Há um novo espectro que assombra a Europa. Esse espectro é a extrema direita. Mas é apenas um espectro, uma aparição, não importa quantas curtidas, compartilhamentos e até votos receba. Por trás desse espectro surge um monstro muito substancial e material – a crise climática – que destruirá o capitalismo, não importa quantos pequenos Hitlers e Mussolinis ele empurre como influenciadores, candidatos eleitorais ou mesmo como ditadores golpistas. A questão que deveria ser colocada agora em todas as reuniões de todas as lideranças de esquerda e progressistas é se elas se deixarão destruir juntamente com o capitalismo.

Existe um plano à esquerda, a nível internacional, para deter esse monstro carnudo que irá devorar a civilização? Esperar pelo próximo “ciclo eleitoral” e depois unir-se no centro, entregando todo o espírito e sentimento anti-sistema e rebelde à extrema-direita não tem sido um bom plano. Foi tentado repetidamente nos últimos anos e falhou.
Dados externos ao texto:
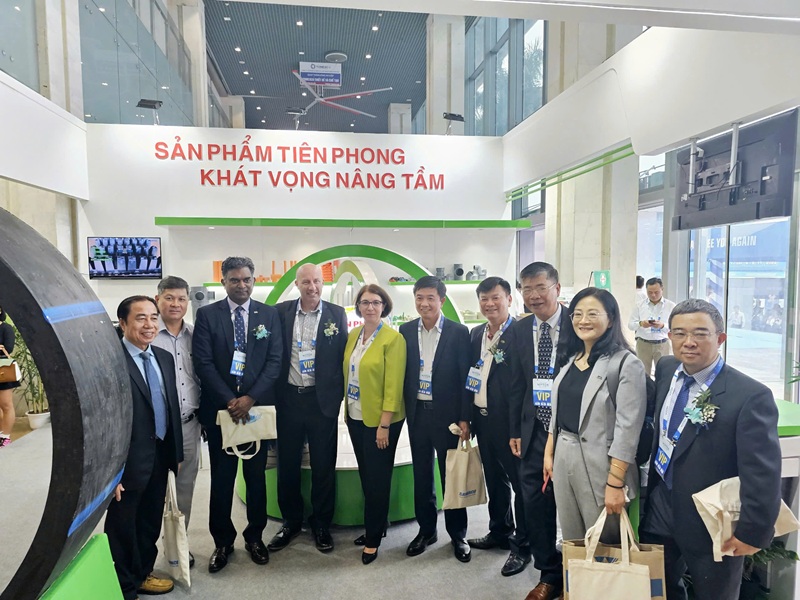 Lãnh đạo Nhựa Tiền Phong cùng các đại biểu trong nước và quốc tế chụp ảnh lưu niệm tại gian hàng của Nhựa Tiền Phong. Ảnh: Thanh Sơn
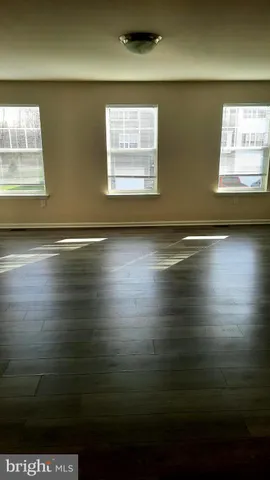 $1,995 | 930 Admiral's Quay Drive, Mechanicsburg, PA 17050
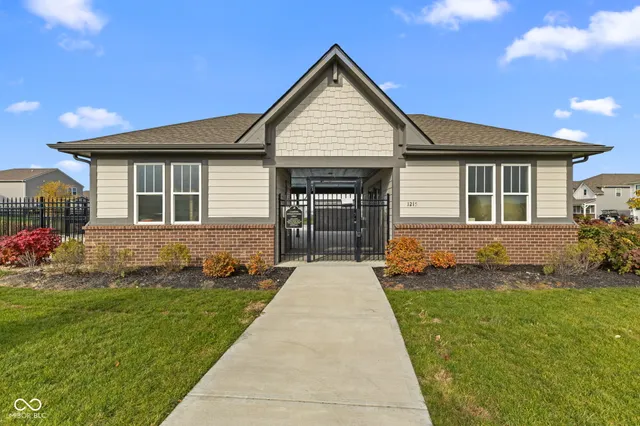 $424,900 | 1235 Lancaster Drive, Avon, IN 46123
Se uma organização está a trabalhar para tomar o poder, a sua estratégia não deve definitivamente centrar-se nas eleições de qualquer outra forma que não seja instrumentalmente. Precisamos de um plano para o poder e de avançar com programas radicalmente justos para enfrentar a crise climática e social. Isso significa tornar-se uma ameaça real ao status quo. Significa correr riscos, ser popular e ousado.

A falta de um programa revolucionário e de uma práxis revolucionária, por mais verde que seja, é uma das razões pelas quais a extrema-direita está em ascensão. Não há polarização política, apenas uma mudança completa para a direita, com a esquerda puxada para o buraco negro do centro e realmente apresentando planos que visam salvar o capitalismo, quando deveriam estar empurrando todas as bolas de demolição para derrubá-lo antes que ele leva todos nós para baixo com isso.

Precisamos de uma polarização real com a extrema-direita e não de uma política de apaziguamento. Isso significa uma mudança revolucionária e, em 2024, significa uma mudança de táctica em acção e mobilização para um programa eco-social radical de como a sociedade deve ser organizada para evitar a ruptura e proporcionar justiça social e histórica.

Já esperamos o suficiente. Se as forças institucionais progressistas da esquerda e os Verdes se colocam como guardiões da revolução, em vez de seus promotores, precisam de sair do caminho. Há um caminho muito estreito para vencermos e mil becos sem saída. Nenhum deles inclui esperar mais.